━━ Data for processing ━━

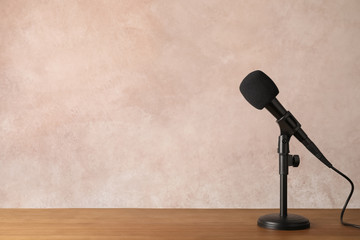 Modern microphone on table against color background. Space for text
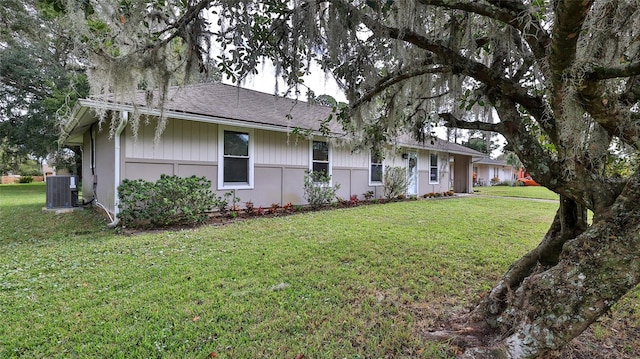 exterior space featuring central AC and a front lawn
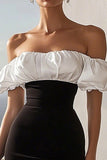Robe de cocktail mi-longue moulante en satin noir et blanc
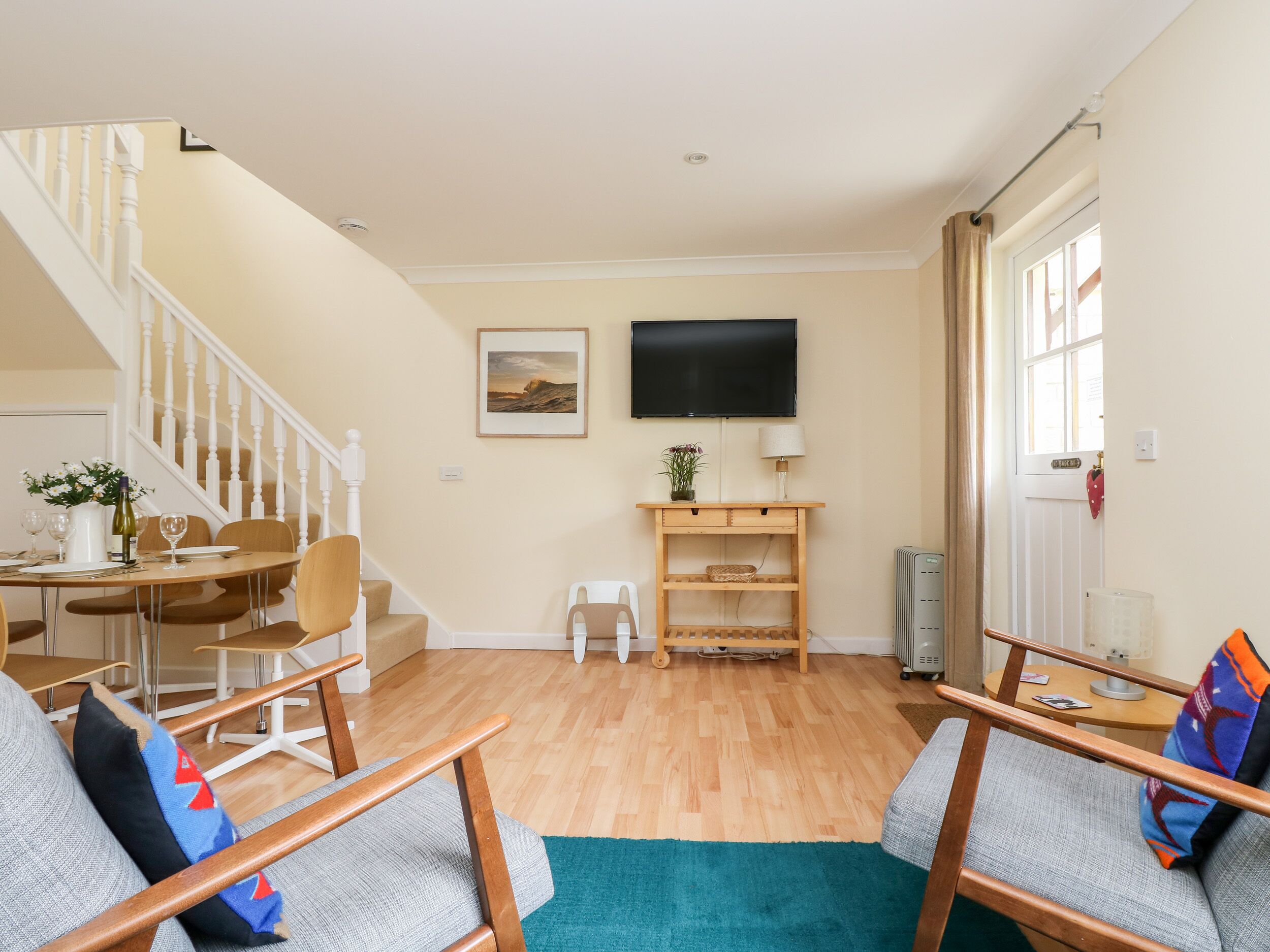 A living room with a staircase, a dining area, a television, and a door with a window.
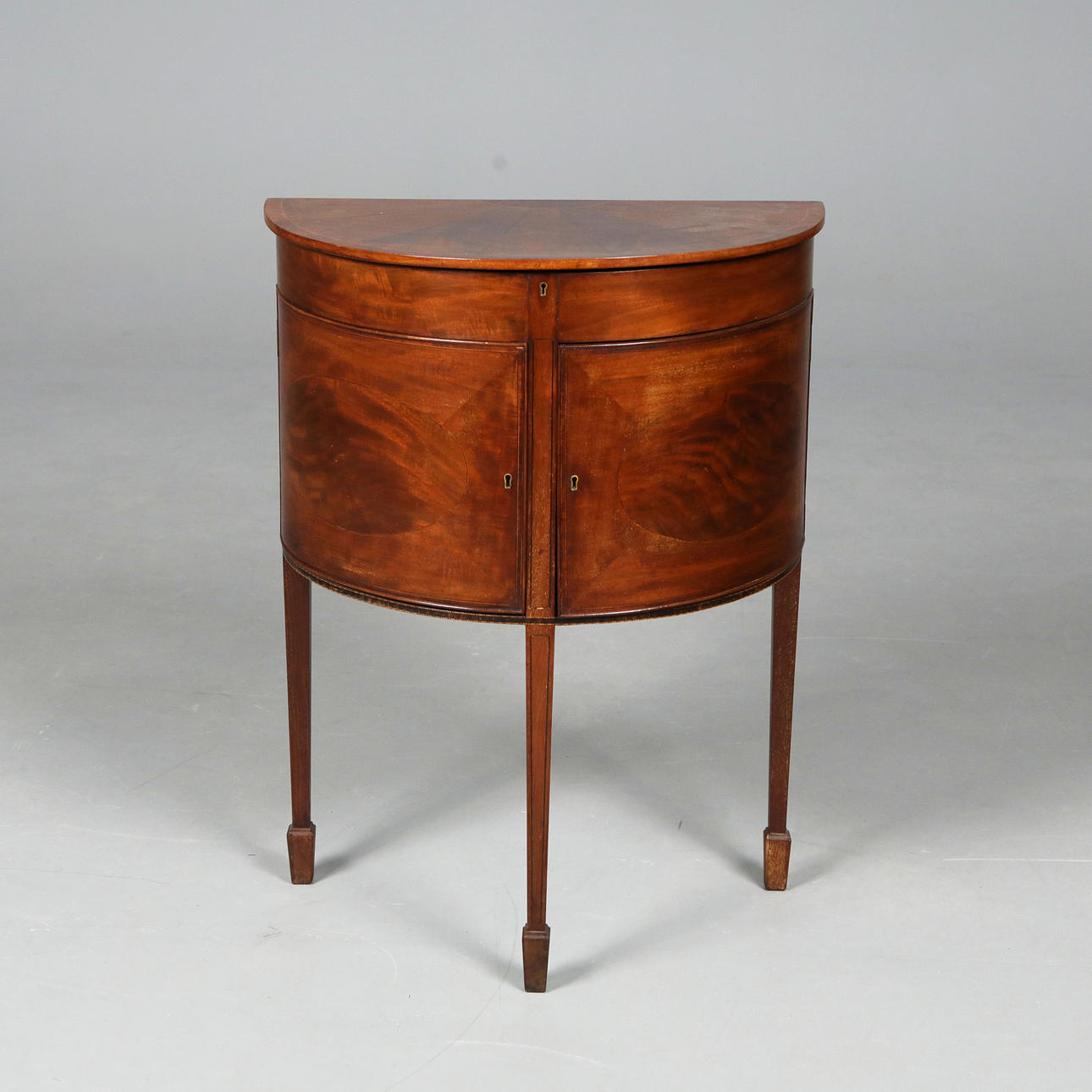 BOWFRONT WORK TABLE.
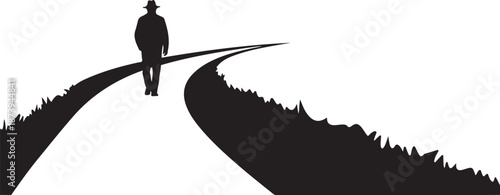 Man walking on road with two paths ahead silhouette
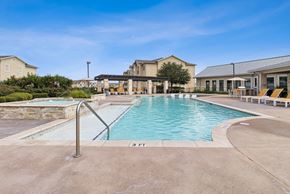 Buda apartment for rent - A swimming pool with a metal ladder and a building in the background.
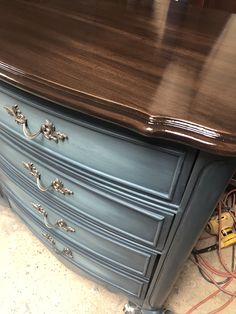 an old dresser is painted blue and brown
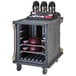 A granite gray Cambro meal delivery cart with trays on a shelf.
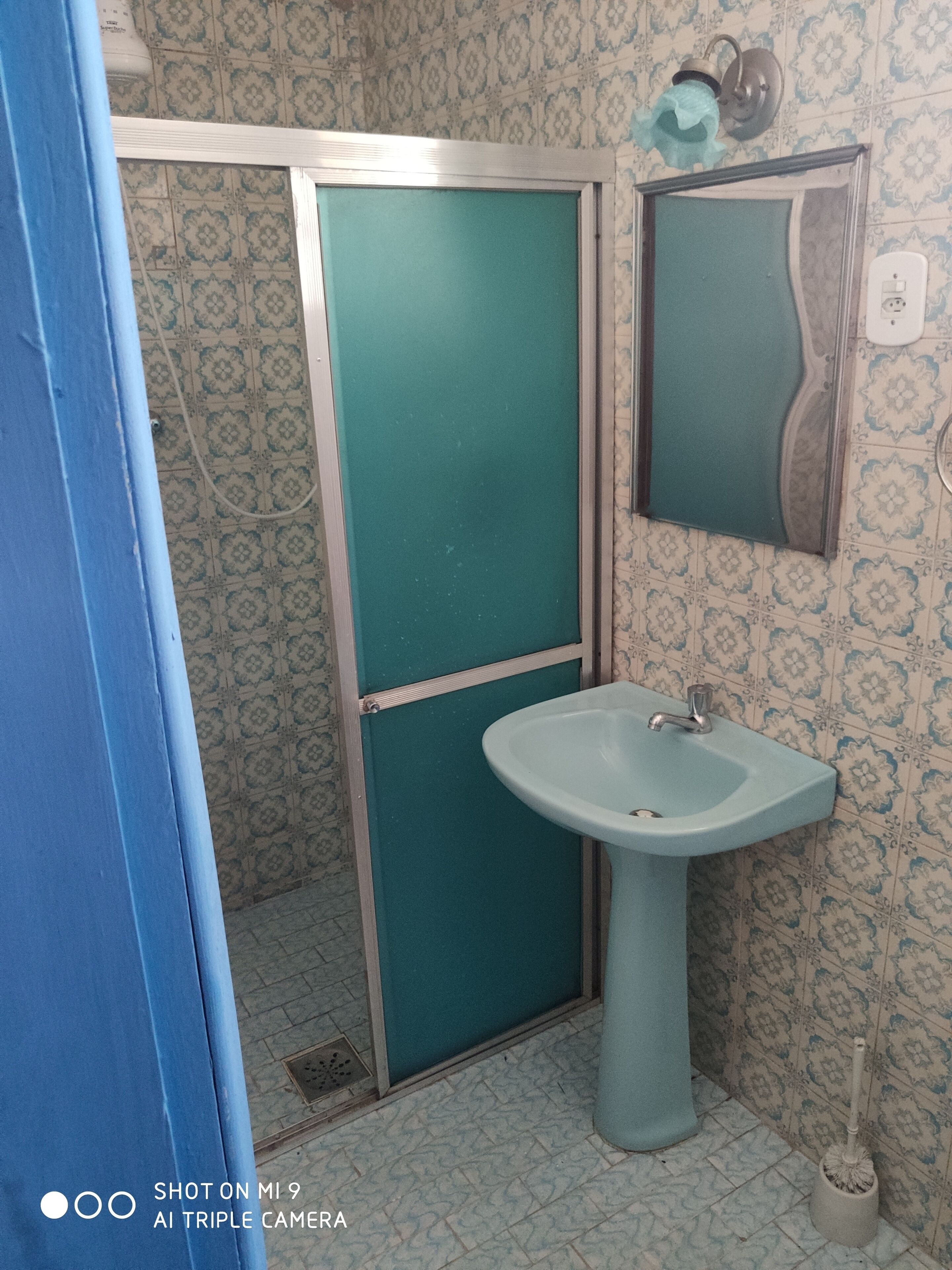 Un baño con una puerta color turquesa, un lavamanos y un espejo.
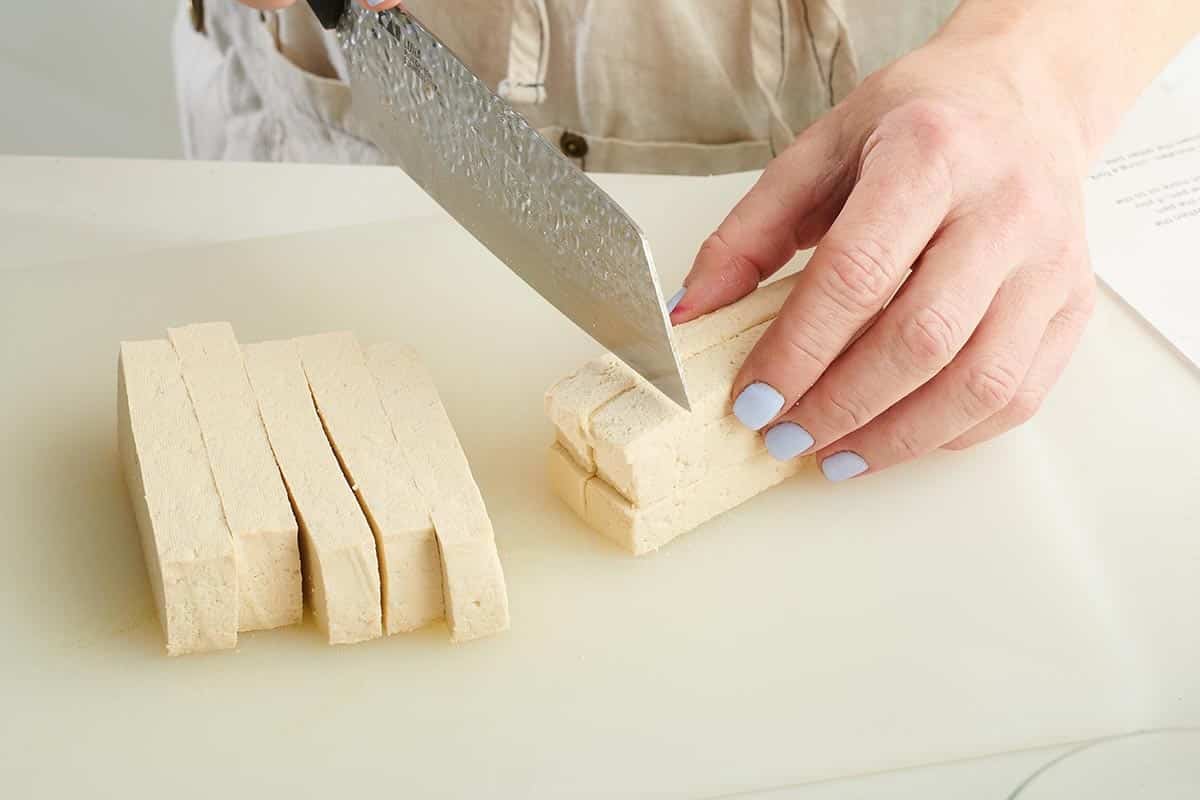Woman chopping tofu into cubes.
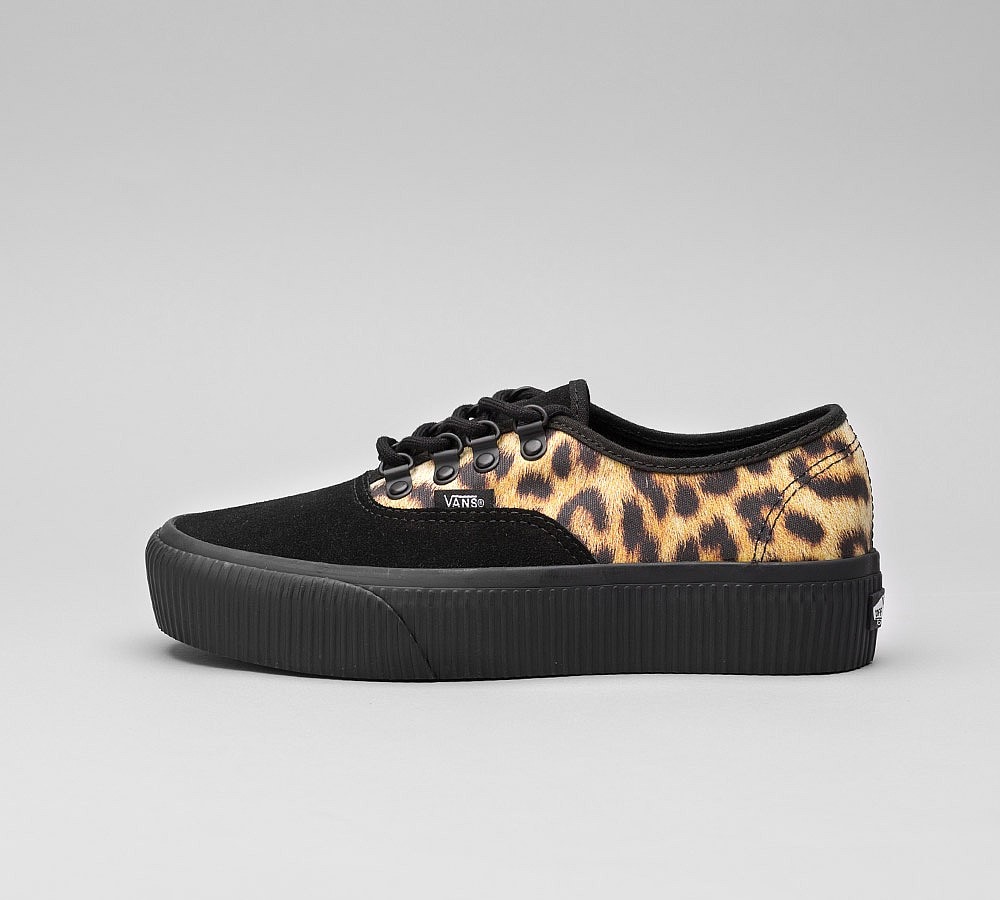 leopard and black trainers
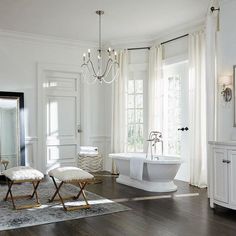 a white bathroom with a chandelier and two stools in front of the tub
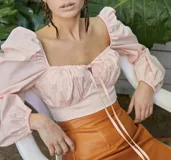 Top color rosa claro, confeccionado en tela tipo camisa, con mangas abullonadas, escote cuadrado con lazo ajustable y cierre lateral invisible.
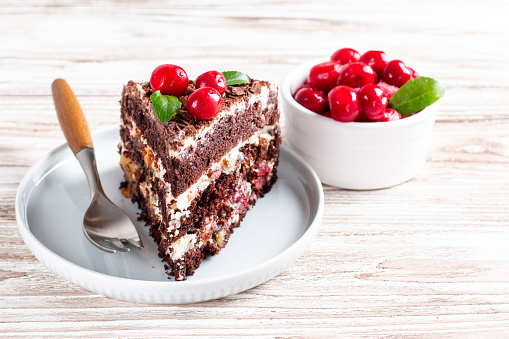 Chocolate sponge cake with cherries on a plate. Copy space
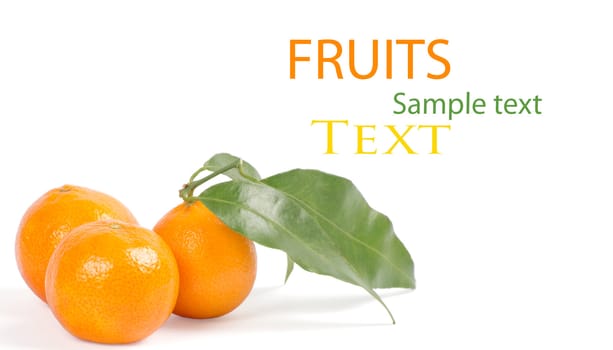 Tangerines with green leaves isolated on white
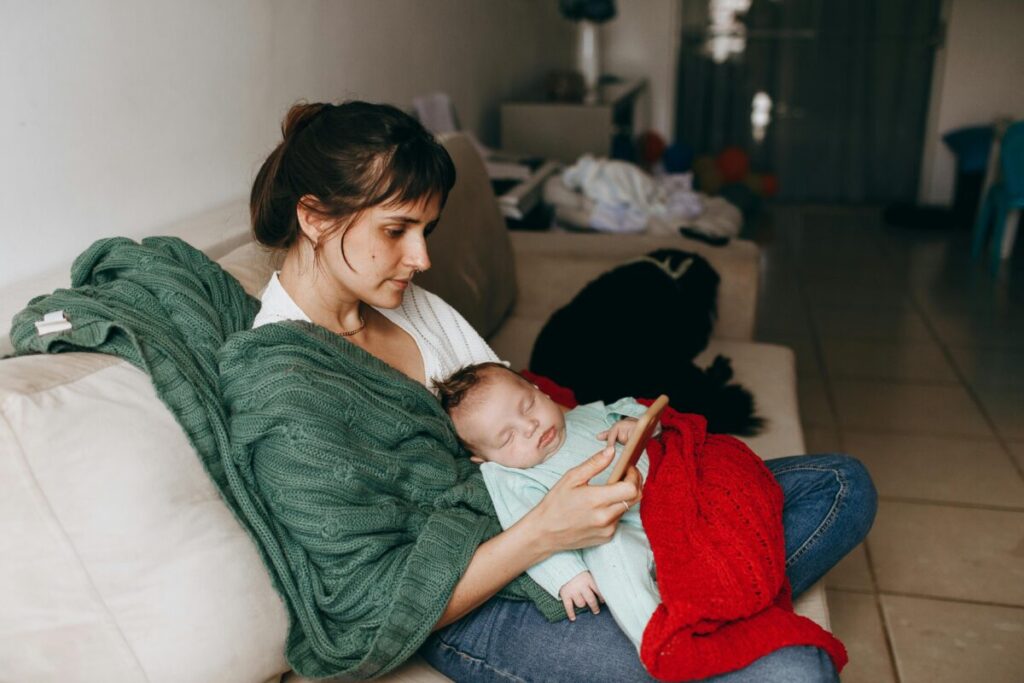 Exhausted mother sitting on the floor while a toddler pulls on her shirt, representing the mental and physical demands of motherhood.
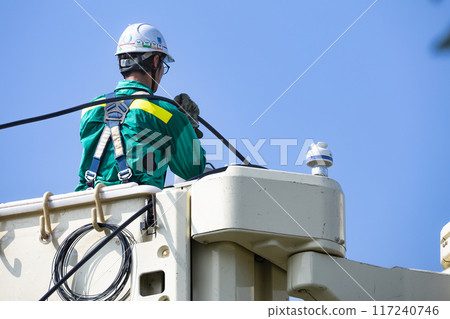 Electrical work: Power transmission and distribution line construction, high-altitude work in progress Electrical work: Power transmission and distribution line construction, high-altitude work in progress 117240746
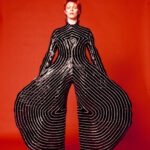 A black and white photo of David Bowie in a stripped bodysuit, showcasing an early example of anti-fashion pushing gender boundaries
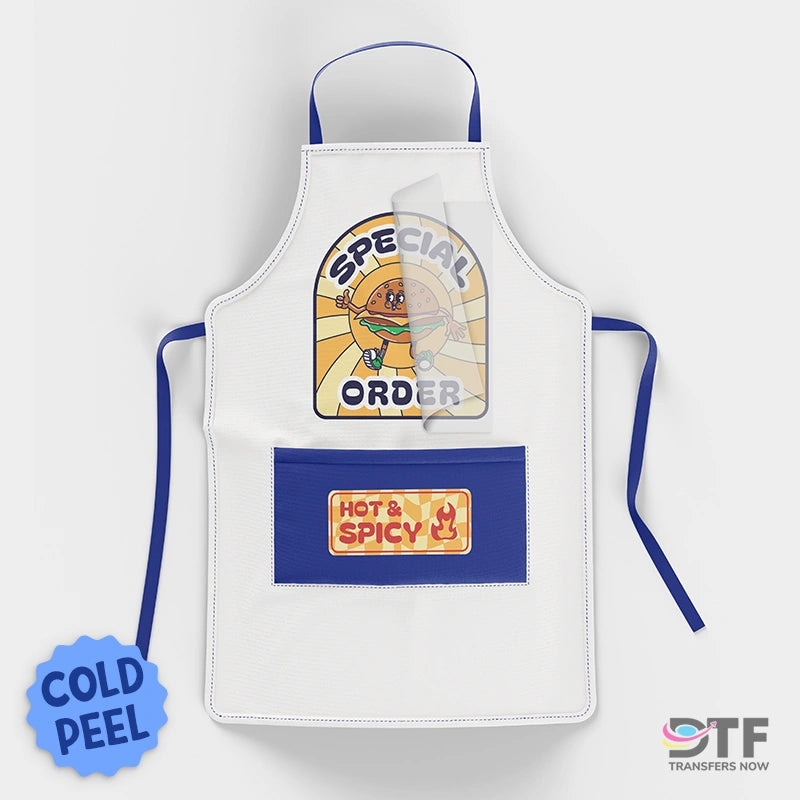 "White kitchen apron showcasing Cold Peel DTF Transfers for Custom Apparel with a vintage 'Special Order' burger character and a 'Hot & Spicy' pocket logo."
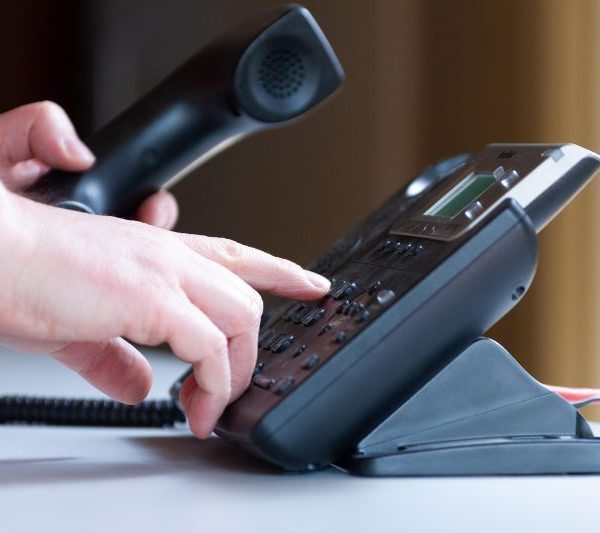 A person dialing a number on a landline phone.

━━━

### Your instructions
Everything from the line with "Woman chopping tofu into cubes." down to the line with "in progress 117240746" in the data above should be copied exactly, with both end lines kept and the pictures left out.

### Exercise result
Woman chopping tofu into cubes.
 leopard and black trainers
 a white bathroom with a chandelier and two stools in front of the tub
 Top color rosa claro, confeccionado en tela tipo camisa, con mangas abullonadas, escote cuadrado con lazo ajustable y cierre lateral invisible.
 Chocolate sponge cake with cherries on a plate. Copy space
 Tangerines with green leaves isolated on white
 Exhausted mother sitting on the floor while a toddler pulls on her shirt, representing the mental and physical demands of motherhood.
 Electrical work: Power transmission and distribution line construction, high-altitude work in progress Electrical work: Power transmission and distribution line construction, high-altitude work in progress 117240746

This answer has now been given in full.